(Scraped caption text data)
******************************
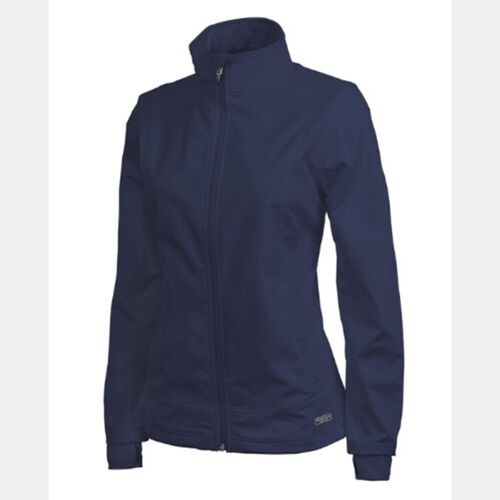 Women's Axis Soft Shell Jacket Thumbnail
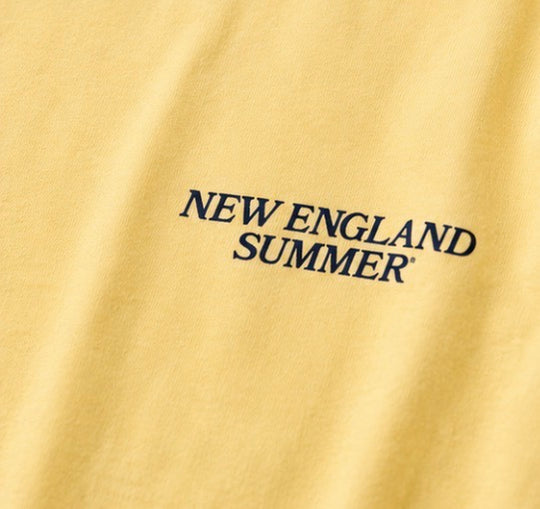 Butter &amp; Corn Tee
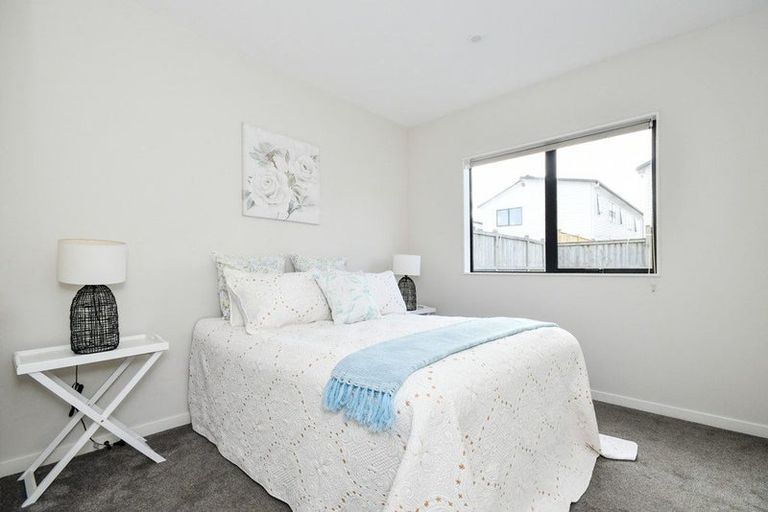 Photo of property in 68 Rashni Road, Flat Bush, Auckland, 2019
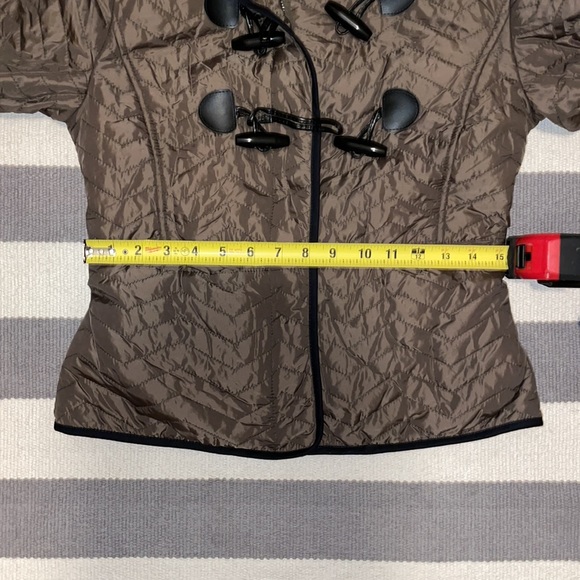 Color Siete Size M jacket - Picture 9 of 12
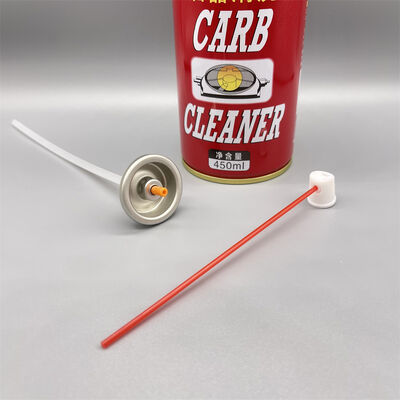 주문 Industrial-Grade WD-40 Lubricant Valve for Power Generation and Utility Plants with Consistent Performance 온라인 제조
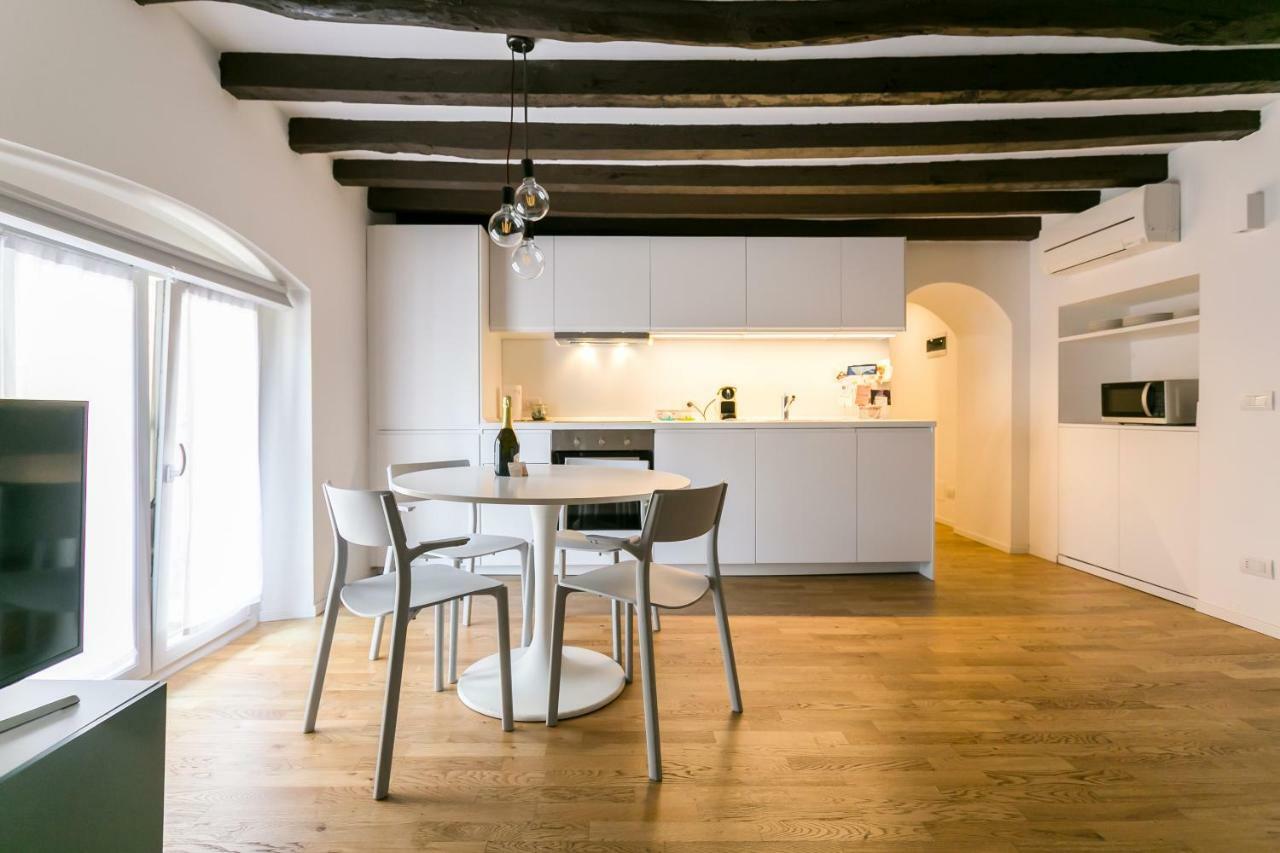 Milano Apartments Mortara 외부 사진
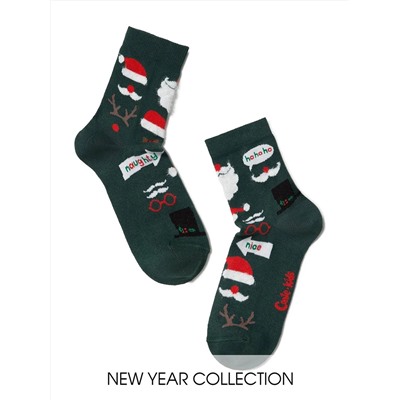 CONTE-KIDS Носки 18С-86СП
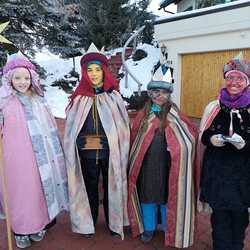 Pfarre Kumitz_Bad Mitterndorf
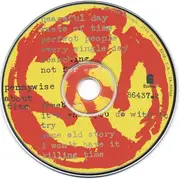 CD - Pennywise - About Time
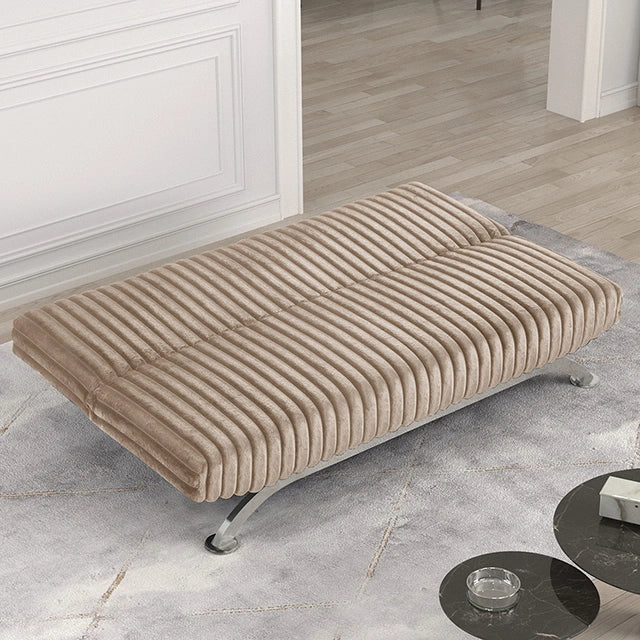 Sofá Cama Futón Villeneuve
******************************
▸ ASSIGNED TASK:
Starting with the line that contains "CONTE-KIDS Носки 18С-86СП", print every line through the end of the data exactly as written; omit all pictures and add nothing else.

▸ ANSWER SECTION:
 CONTE-KIDS Носки 18С-86СП
 Pfarre Kumitz_Bad Mitterndorf
 CD - Pennywise - About Time
 Sofá Cama Futón Villeneuve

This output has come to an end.